The freefall in world markets continued today as Wall Street opened with more heavy losses.
In Dublin, the gloom continued as the Iseq slumped 6.2%, or 188.46 points to 2,849.33.
Trading screens turned red in the UK as global recession fears fuelled panic across markets worldwide.
London’s Footsie was trading below the 4,000 mark for the first time in more than five years – down almost 10% – as a dire start in US markets offered no respite.
The Dow Jones Industrial Average, which fell more than 7% yesterday, tumbled a further 8% in early trading.
Across Europe, France’s CAC 40 and Germany’s Dax were also showing losses of more than 10% in a day of trading carnage.

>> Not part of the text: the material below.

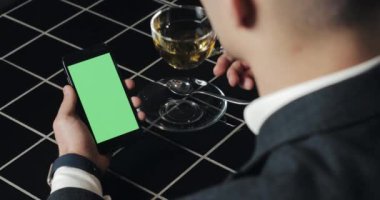 Genç işadamı kullanım smarthpone yeşil ekran dokunmatik yüzey ve el hareketi ile kafede kapatın. Hücresel, adam dokunarak ve gözatma sayfası tarafından kaydırma ve okuma Haberler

Manoj Ladwa, senior trader at ETX Capital, said: “Markets are normally held in equilibrium by the balance of fear and greed. But at the moment, greed has gone into hiding and fear rules the roost.”
Overnight losses in Asia saw Japan’s benchmark Nikkei 225 index close almost 10% lower – down 881 points in its worst session since Black Monday in 1987.
In London, banking stocks were among the biggest victims of the turmoil as speculation mounted over the billions they may need to strengthen their finances.
Halifax Bank of Scotland was the biggest Footsie faller, down 25%. Royal Bank of Scotland lost 22%, while Barclays shed 16%.